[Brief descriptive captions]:

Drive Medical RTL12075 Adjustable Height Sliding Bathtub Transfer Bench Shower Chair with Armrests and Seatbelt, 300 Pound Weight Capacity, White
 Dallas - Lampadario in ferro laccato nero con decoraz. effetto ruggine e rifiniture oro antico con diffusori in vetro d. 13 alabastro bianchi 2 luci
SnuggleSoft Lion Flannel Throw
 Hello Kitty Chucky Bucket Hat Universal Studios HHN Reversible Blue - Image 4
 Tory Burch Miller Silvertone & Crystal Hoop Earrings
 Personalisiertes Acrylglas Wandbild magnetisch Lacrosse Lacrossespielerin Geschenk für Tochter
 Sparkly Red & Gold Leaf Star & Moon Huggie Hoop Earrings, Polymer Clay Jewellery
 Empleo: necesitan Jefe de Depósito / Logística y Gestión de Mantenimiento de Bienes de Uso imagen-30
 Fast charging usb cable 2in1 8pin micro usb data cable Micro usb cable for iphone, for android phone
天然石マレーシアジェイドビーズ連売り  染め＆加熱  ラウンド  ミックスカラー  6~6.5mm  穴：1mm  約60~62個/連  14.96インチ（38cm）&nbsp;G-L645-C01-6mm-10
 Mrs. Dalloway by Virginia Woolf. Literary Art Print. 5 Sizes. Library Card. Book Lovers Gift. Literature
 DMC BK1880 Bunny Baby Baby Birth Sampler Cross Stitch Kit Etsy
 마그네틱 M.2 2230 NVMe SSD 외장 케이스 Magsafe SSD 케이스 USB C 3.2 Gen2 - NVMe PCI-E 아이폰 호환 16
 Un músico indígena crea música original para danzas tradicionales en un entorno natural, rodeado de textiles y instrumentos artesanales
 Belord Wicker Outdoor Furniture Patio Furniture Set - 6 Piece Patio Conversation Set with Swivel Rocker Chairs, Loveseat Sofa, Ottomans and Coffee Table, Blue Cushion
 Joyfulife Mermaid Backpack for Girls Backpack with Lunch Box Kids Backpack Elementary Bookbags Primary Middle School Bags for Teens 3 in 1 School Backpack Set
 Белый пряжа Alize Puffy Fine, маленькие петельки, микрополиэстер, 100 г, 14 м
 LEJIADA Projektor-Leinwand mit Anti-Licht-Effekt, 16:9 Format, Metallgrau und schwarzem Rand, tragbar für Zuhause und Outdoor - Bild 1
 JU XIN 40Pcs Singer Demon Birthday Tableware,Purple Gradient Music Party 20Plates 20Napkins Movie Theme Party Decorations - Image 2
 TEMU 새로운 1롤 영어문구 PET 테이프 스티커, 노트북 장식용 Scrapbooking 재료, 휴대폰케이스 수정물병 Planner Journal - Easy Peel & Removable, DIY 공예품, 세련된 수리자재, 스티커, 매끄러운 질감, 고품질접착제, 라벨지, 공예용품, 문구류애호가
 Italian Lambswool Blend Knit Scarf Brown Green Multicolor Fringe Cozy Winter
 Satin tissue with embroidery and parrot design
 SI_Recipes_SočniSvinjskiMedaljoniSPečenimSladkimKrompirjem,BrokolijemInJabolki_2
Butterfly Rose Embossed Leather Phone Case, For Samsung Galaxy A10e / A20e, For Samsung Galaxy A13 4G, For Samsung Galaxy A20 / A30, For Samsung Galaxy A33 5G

[TASK DESCRIPTION]:
Restate every record word for word.

[TASK OUTPUT]:
Drive Medical RTL12075 Adjustable Height Sliding Bathtub Transfer Bench Shower Chair with Armrests and Seatbelt, 300 Pound Weight Capacity, White
 Dallas - Lampadario in ferro laccato nero con decoraz. effetto ruggine e rifiniture oro antico con diffusori in vetro d. 13 alabastro bianchi 2 luci
SnuggleSoft Lion Flannel Throw
 Hello Kitty Chucky Bucket Hat Universal Studios HHN Reversible Blue - Image 4
 Tory Burch Miller Silvertone & Crystal Hoop Earrings
 Personalisiertes Acrylglas Wandbild magnetisch Lacrosse Lacrossespielerin Geschenk für Tochter
 Sparkly Red & Gold Leaf Star & Moon Huggie Hoop Earrings, Polymer Clay Jewellery
 Empleo: necesitan Jefe de Depósito / Logística y Gestión de Mantenimiento de Bienes de Uso imagen-30
 Fast charging usb cable 2in1 8pin micro usb data cable Micro usb cable for iphone, for android phone
天然石マレーシアジェイドビーズ連売り  染め＆加熱  ラウンド  ミックスカラー  6~6.5mm  穴：1mm  約60~62個/連  14.96インチ（38cm）&nbsp;G-L645-C01-6mm-10
 Mrs. Dalloway by Virginia Woolf. Literary Art Print. 5 Sizes. Library Card. Book Lovers Gift. Literature
 DMC BK1880 Bunny Baby Baby Birth Sampler Cross Stitch Kit Etsy
 마그네틱 M.2 2230 NVMe SSD 외장 케이스 Magsafe SSD 케이스 USB C 3.2 Gen2 - NVMe PCI-E 아이폰 호환 16
 Un músico indígena crea música original para danzas tradicionales en un entorno natural, rodeado de textiles y instrumentos artesanales
 Belord Wicker Outdoor Furniture Patio Furniture Set - 6 Piece Patio Conversation Set with Swivel Rocker Chairs, Loveseat Sofa, Ottomans and Coffee Table, Blue Cushion
 Joyfulife Mermaid Backpack for Girls Backpack with Lunch Box Kids Backpack Elementary Bookbags Primary Middle School Bags for Teens 3 in 1 School Backpack Set
 Белый пряжа Alize Puffy Fine, маленькие петельки, микрополиэстер, 100 г, 14 м
 LEJIADA Projektor-Leinwand mit Anti-Licht-Effekt, 16:9 Format, Metallgrau und schwarzem Rand, tragbar für Zuhause und Outdoor - Bild 1
 JU XIN 40Pcs Singer Demon Birthday Tableware,Purple Gradient Music Party 20Plates 20Napkins Movie Theme Party Decorations - Image 2
 TEMU 새로운 1롤 영어문구 PET 테이프 스티커, 노트북 장식용 Scrapbooking 재료, 휴대폰케이스 수정물병 Planner Journal - Easy Peel & Removable, DIY 공예품, 세련된 수리자재, 스티커, 매끄러운 질감, 고품질접착제, 라벨지, 공예용품, 문구류애호가
 Italian Lambswool Blend Knit Scarf Brown Green Multicolor Fringe Cozy Winter
 Satin tissue with embroidery and parrot design
 SI_Recipes_SočniSvinjskiMedaljoniSPečenimSladkimKrompirjem,BrokolijemInJabolki_2
Butterfly Rose Embossed Leather Phone Case, For Samsung Galaxy A10e / A20e, For Samsung Galaxy A13 4G, For Samsung Galaxy A20 / A30, For Samsung Galaxy A33 5G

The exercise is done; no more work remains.